___ INPUT DATA ___

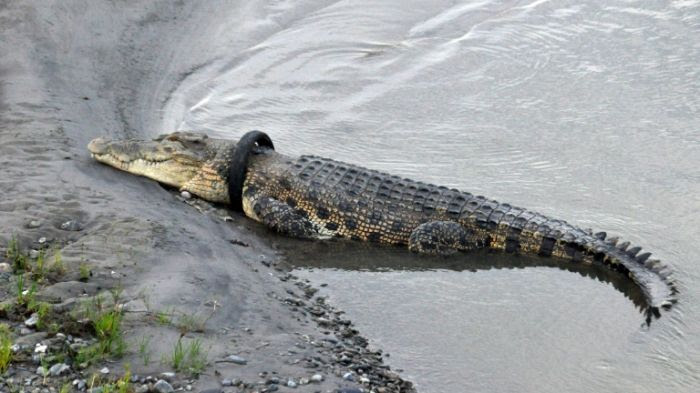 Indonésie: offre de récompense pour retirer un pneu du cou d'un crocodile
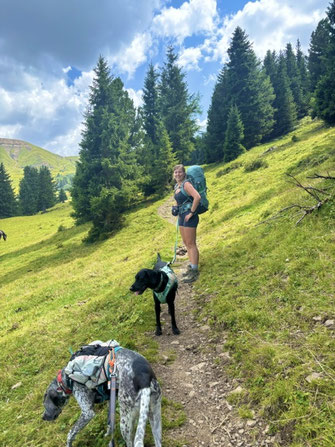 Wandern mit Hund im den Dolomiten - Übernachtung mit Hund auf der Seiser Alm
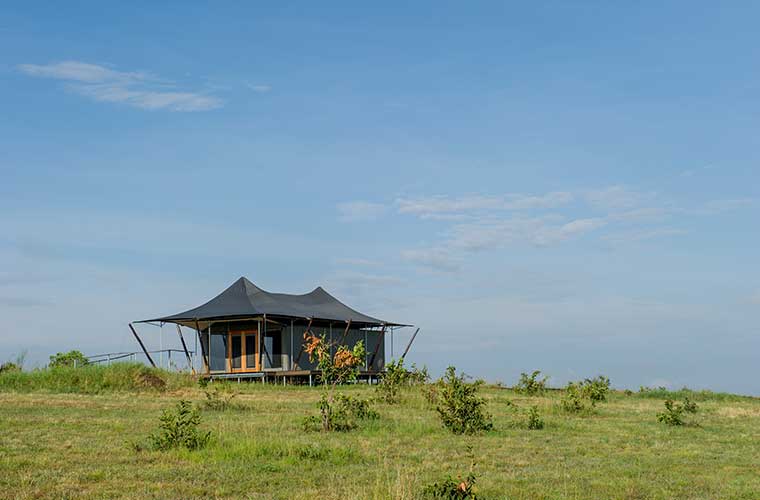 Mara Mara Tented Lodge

___
___ INPUT DATA ___

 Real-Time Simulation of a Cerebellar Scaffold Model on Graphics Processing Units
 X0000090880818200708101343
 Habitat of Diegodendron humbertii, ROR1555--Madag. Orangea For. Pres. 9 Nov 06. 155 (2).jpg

___

- EXERCISE REQUIREMENTS -
Above, find the line with "Indonésie: offre de"; copy it and every line down to the line with "Mara Mara Tented Lodge", exactly and both included, but no pictures.

- OUTPUT FOR THIS EXERCISE -
 Indonésie: offre de récompense pour retirer un pneu du cou d'un crocodile
 Wandern mit Hund im den Dolomiten - Übernachtung mit Hund auf der Seiser Alm
 Mara Mara Tented Lodge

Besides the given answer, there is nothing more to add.